I've got a Rival equipped 07 Roubaix Expert that I love. A buddy of my wants to cross over from mountain biking and has a $3,500 budget. It looks like Shimano has pushed Ultegra back into the OEM market this year (even though we all know Rival is a superior group for less money). 

Can anyone think of a Rival equipped bike on the market right now at this price point?


----------



## capt_phun (Jun 14, 2004)

There are better bikes for less money. A Look 566 with Rival is around $2500.


----------



## Magdaddy (Feb 23, 2007)

that kinda money can get you a Force build on a leftover 08 Cervelo RS-that's 09 Force also. I came close to getting that bike, but my local shop gave me a price on a high zoot Giant(full Red) that I couldn't pass on.

That's a very generous budget he has, he could easily build something for that price range too. I have been a Specialized guy for ten years now, mtn and road. At first I considered the Tarmac and Roubaix Pro, as well as the aforementioned Cervelo, and a lower Giant.

The Tarmac I didn't care for in White, and the Roubiax just didn't do it for me. The Cervelo RS was extremely nice, and the leftovers are EVERYWHERE...but with 7800 DA. The Cervelo RS limited edition bike with Force is as the name implies...limited. However, I found that Cervelo still had some sizes in stock, and I found more than a handful of dealers on line who had them.

The Cervelo RS is truely a ton of bike for the money. Tell your friend good luck, and that he'll love road riding too. Even makes you faster on the dirt too!


----------



## Corndog (Jan 18, 2006)

+1 on getting something like a left over RS. You can get them for like $1700. Get a Rival kit for $700. Then get a really nice set of wheels and bar/stem/post. 

He would be well under that budget listed. You could also pick up an R3 on closeout, about $2400 at most places.


----------



## HikenBike (Apr 3, 2007)

rollin nolan said:


> I've got a Rival equipped 07 Roubaix Expert that I love. A buddy of my wants to cross over from mountain biking and has a $3,500 budget. It looks like Shimano has pushed Ultegra back into the OEM market this year (even though we all know Rival is a superior group for less money).
> 
> Can anyone think of a Rival equipped bike on the market right now at this price point?


Look for the 2008 Cannondale System Six with Rival. Full retail was $2400 in 2008. C'dale stopped making the System Six and they are popular, so it might be hard to come by. If a local dealer has one left over, it's worth a test ride.

http://www.cannondale.com/bikes/08/cusa/model-8RST4D.html


----------



## TheChief (Jul 31, 2008)

*Wow, lots of choices*

I picked up the Look 566. Sounds like the retail has been modified to 2799 on them though.
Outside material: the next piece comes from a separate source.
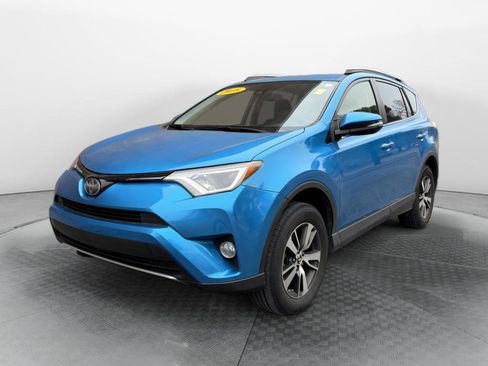 Used 2018 Toyota RAV4 XLE image 1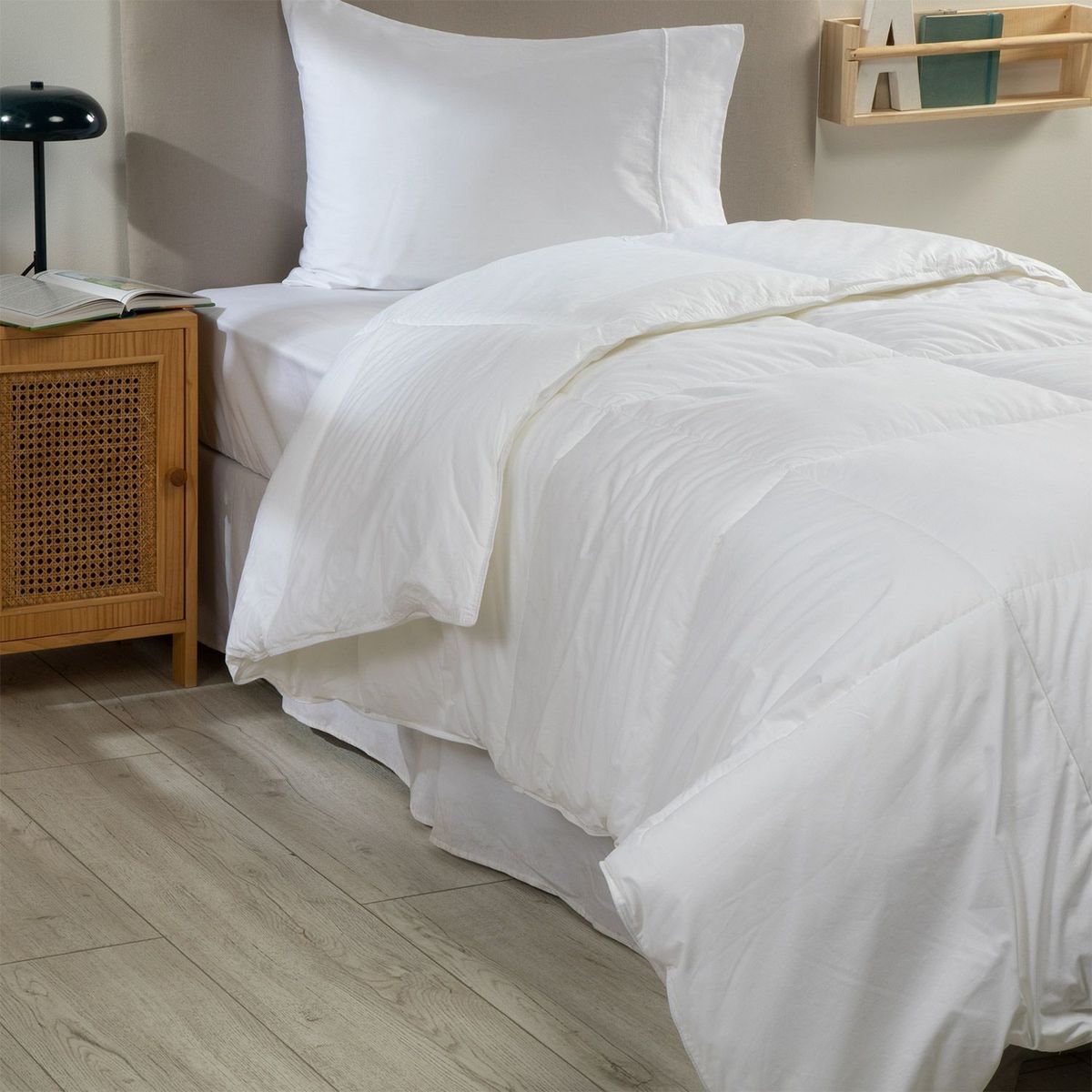 BASEMENT HOME - Plumón Edredón Blanco de Poliéster 250 GSM Antiacaros Basement Home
I really love the bike but the Rival drivetrain has blown be away. The 09 rival is awesome and I am glad to make the leap. My brother is a Dura-ace guy and after tuning my bike and riding it he was sold on the SRAM too.

I also rode the Specialize Roubaix with Rival, but the cost was not justified against the Look.

The Treks are just coming out and I guess they are building alot more SRAM.


----------